Please restate each entry that follows word for word.

--------------------

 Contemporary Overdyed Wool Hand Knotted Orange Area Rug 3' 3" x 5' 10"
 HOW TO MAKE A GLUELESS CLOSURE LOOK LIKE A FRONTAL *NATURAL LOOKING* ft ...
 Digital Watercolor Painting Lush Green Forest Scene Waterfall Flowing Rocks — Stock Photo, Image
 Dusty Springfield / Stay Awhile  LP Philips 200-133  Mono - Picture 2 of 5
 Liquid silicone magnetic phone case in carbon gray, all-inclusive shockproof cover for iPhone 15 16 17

--------------------

Solution to this problem -
 Contemporary Overdyed Wool Hand Knotted Orange Area Rug 3' 3" x 5' 10"
 HOW TO MAKE A GLUELESS CLOSURE LOOK LIKE A FRONTAL *NATURAL LOOKING* ft ...
 Digital Watercolor Painting Lush Green Forest Scene Waterfall Flowing Rocks — Stock Photo, Image
 Dusty Springfield / Stay Awhile  LP Philips 200-133  Mono - Picture 2 of 5
 Liquid silicone magnetic phone case in carbon gray, all-inclusive shockproof cover for iPhone 15 16 17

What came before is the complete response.